BI 425809 was generally well-tolerated with no new safety issues identified. No meaningful differences between the treatment groups or dose dependencies were observed. Transient visual disturbances and central nervous system side effects have previously been noted for GlyT1 inhibitors [23, 24]. However, again, within the SOC ‘eye disorders’, no meaningful differences between the treatment groups were observed, and the frequency of ‘visual impairment’ and ‘dyschromatopsia’ was consistent with previous work on BI 425809 [24]. A decrease in hemoglobin is also a potential risk for BI 425809 according to preclinical data and class effect. GlyT1 is expressed in human erythroid cells where it facilitates heme biosynthesis by transporting extracellular glycine into the cell; thus, inhibition of GlyT1 has an effect on the production of hemoglobin [25]. A dose-dependent decrease in hemoglobin levels was observed. The maximum effect was a decrease of 5.7% observed in the 25 mg BI 425809 treatment group (placebo: slight decrease of 0.5%). However, this did not raise any new safety concerns. Reported suicidal ideation C-SSRS scores remained low (without intent to act).

There are a few potential limitations to this study. The trial was of a relatively short duration (12 weeks); it may be that this period was not long enough to reveal any statistically or clinically relevant effects of treatment. Nonetheless, in the case of a symptomatic effect, one would expect an early response; therefore, a longer trial may not necessarily have yielded different results. Additionally, patients with a broad range of disease severity (mild-to-moderate with MMSE scores ranging from 15 to 26 at screening) were recruited, and the presence or absence of background AChEIs might also impact our findings. However, findings from the numerical analysis of the mild versus moderate probable AD dementia subgroups, as well as the subgroup of patients with concomitant AChEI use, were similar to those of the overall analyses.

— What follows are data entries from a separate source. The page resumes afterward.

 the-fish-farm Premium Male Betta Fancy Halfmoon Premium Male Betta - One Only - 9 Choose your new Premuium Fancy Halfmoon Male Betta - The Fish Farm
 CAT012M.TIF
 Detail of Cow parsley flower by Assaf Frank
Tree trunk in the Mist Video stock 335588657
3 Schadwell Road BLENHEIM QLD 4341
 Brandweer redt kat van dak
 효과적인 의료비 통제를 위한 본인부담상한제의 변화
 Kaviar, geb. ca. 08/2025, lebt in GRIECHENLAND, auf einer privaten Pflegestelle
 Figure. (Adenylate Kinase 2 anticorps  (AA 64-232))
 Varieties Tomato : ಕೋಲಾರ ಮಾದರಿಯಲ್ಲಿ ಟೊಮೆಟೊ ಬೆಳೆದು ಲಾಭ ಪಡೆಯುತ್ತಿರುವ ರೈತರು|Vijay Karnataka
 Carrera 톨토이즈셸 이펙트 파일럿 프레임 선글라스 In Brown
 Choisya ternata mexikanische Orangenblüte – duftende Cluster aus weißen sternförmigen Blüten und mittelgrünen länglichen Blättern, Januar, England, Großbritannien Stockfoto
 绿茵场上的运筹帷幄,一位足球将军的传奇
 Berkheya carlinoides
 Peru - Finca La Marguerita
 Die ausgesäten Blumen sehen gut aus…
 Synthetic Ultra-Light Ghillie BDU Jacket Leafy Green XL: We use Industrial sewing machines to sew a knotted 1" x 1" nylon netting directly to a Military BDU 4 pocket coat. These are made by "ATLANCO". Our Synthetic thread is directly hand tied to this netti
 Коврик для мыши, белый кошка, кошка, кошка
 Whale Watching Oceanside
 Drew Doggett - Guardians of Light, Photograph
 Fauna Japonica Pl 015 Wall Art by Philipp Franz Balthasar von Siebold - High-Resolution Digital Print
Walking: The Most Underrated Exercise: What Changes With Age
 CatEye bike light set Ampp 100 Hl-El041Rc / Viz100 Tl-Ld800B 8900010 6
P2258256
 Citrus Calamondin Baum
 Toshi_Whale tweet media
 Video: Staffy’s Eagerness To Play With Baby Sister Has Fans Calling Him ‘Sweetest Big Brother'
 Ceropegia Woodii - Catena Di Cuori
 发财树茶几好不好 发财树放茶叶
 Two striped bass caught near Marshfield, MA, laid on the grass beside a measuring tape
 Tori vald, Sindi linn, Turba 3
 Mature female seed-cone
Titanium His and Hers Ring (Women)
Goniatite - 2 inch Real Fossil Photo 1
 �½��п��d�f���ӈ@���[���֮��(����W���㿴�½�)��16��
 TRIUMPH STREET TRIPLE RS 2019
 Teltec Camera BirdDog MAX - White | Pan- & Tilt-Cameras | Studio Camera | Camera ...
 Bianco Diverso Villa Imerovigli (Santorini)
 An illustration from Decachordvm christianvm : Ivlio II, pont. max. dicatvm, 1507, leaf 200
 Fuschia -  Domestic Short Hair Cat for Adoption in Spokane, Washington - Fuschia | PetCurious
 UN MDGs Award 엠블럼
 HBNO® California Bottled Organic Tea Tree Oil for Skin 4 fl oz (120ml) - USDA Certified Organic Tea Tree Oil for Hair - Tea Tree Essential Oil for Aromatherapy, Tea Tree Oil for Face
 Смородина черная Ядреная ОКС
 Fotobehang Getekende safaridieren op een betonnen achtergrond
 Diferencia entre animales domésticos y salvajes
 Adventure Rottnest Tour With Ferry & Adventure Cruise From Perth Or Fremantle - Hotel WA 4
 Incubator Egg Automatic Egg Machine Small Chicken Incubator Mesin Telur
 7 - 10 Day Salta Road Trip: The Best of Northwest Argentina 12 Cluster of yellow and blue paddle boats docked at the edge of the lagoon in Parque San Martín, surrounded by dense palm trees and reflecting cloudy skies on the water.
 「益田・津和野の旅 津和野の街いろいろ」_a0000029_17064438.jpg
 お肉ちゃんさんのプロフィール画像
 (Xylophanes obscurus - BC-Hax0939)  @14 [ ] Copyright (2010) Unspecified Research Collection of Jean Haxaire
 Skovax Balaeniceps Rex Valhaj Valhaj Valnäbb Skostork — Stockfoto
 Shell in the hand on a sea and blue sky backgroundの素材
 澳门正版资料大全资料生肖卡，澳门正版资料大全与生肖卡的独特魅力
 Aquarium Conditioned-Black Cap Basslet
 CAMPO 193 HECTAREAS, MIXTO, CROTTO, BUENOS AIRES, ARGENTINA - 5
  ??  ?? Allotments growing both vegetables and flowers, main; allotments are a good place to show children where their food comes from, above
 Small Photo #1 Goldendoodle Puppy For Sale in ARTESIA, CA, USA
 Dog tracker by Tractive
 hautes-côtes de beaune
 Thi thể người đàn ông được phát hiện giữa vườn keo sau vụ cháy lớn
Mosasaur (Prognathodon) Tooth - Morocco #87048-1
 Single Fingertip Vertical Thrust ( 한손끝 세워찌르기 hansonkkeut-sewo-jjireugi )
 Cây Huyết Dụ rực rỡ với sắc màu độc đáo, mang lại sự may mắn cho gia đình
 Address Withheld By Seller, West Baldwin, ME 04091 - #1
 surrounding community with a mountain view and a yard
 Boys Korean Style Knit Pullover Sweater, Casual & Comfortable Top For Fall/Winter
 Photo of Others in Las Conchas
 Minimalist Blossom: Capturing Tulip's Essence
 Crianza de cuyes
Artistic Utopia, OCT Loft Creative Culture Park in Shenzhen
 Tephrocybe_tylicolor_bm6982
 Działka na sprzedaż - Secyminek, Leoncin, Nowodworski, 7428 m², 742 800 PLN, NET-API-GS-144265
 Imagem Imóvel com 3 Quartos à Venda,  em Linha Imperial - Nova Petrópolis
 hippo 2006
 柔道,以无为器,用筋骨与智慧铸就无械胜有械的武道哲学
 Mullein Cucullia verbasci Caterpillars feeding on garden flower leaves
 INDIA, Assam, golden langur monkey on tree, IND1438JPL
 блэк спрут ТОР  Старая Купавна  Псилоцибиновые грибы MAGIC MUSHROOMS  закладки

Another potential limitation may be that some of the patients recruited for the trial were too advanced in the progression of their disease symptomatology for GlyT1 inhibition to have an effect [26]. It is recognized that for chronic conditions, symptomatic treatment must be administered as early as possible to have a significant effect on symptomatology [26], and this might be particularly pertinent for the patients with the more advanced probable AD dementia in this study.

In 2018, the NIA-AA changed their diagnostic criteria of AD for research purposes from a clinical to biological definition, with biomarker and neuropathological findings now forming the basis of these criteria [2]. Biomarker testing to diagnose the patients via the updated NIA-AA criteria was not conducted at the entry to the present study, and this may pose another limitation to our findings. The lack of positive biomarker evidence of AD can be cited as a concern in dementia studies, as patients who meet the clinical criteria may not in fact have the disease [27]. With growing evidence to suggest that AD is heterogenous, a single approach to treatment might not be the most efficacious line of investigation; identification of subtypes of the disease may guide potential future targets and multifactorial intervention strategies [28, 29]. APOE4 is a possible therapeutic target, as carriers of this gene are more likely to develop AD [28]. In the present study, patients were tested for APOE4 (Table 1), with 49.7% of the study population being positive. Previous reports indicate that approximately 40–80% of patients with AD carry at least one copy of APOE4 [28, 30], suggesting that these patients may be at the lower end of representation in our study, compared with naturalistic samples or other clinical trials. However, results from the APOE4 population in this study were not notably different from the overall study findings.

Conclusions

In conclusion, no clinically meaningful changes from baseline in neuropsychological assessments were observed across a range of BI 425809 doses administered to patients with mild-to-moderate probable AD dementia. All treatments were generally well tolerated, and no new safety concerns were identified in the trial.